→ **DATA BELOW**
↓↓↓

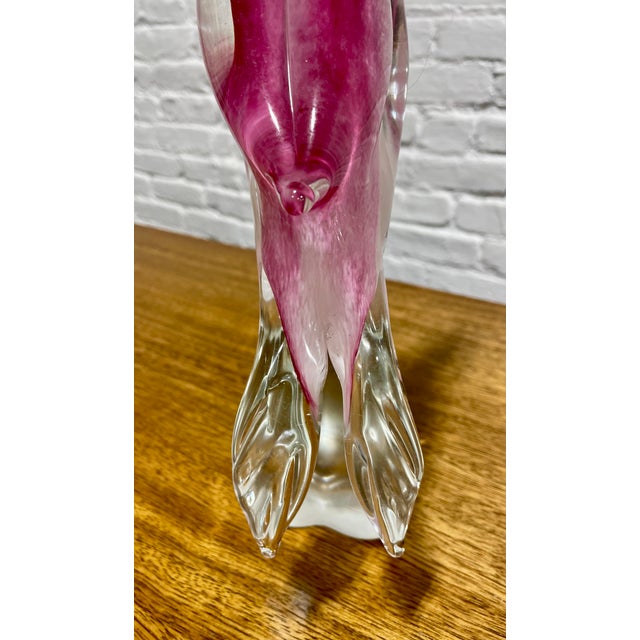 Hand Blown Murano Glass Toucan Bird Sculpture For Sale - Image 11 of 13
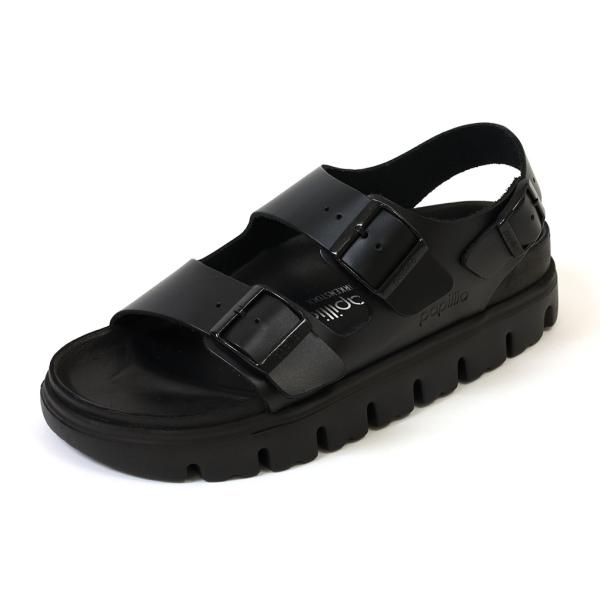 ビルケンシュトック　パピリオ　ミラノ　チャンキー　EXQ　ナロー　ブラック　BIRKENSTOCK　...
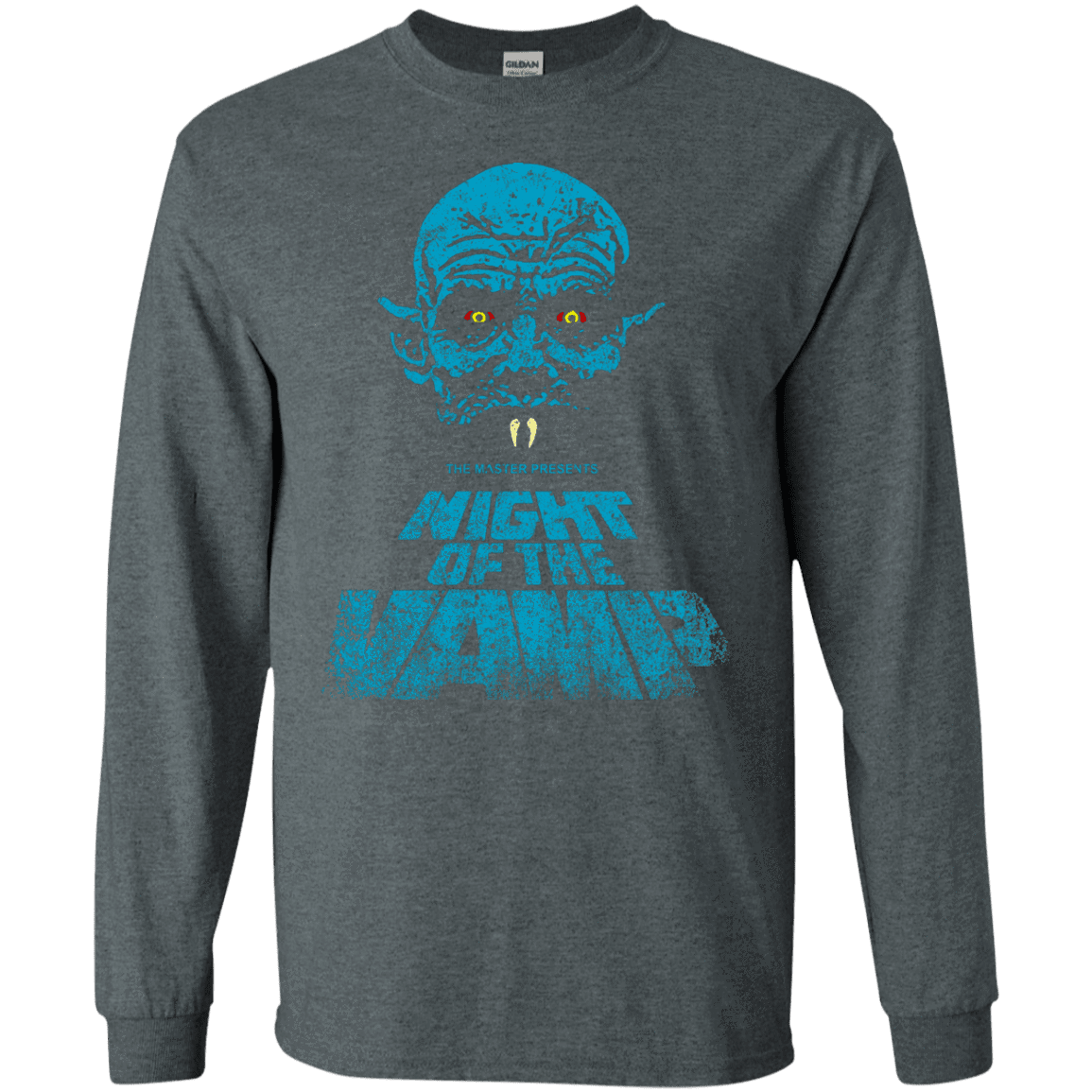 T-Shirts Dark Heather / S Night Vamp Men's Long Sleeve T-Shirt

↑↑↑

→ **TASK STATEMENT**
Copy out all the data exactly, skipping the pictures.

→ **SOLUTION TO THIS PROBLEM**
 Hand Blown Murano Glass Toucan Bird Sculpture For Sale - Image 11 of 13
 ビルケンシュトック　パピリオ　ミラノ　チャンキー　EXQ　ナロー　ブラック　BIRKENSTOCK　...
 T-Shirts Dark Heather / S Night Vamp Men's Long Sleeve T-Shirt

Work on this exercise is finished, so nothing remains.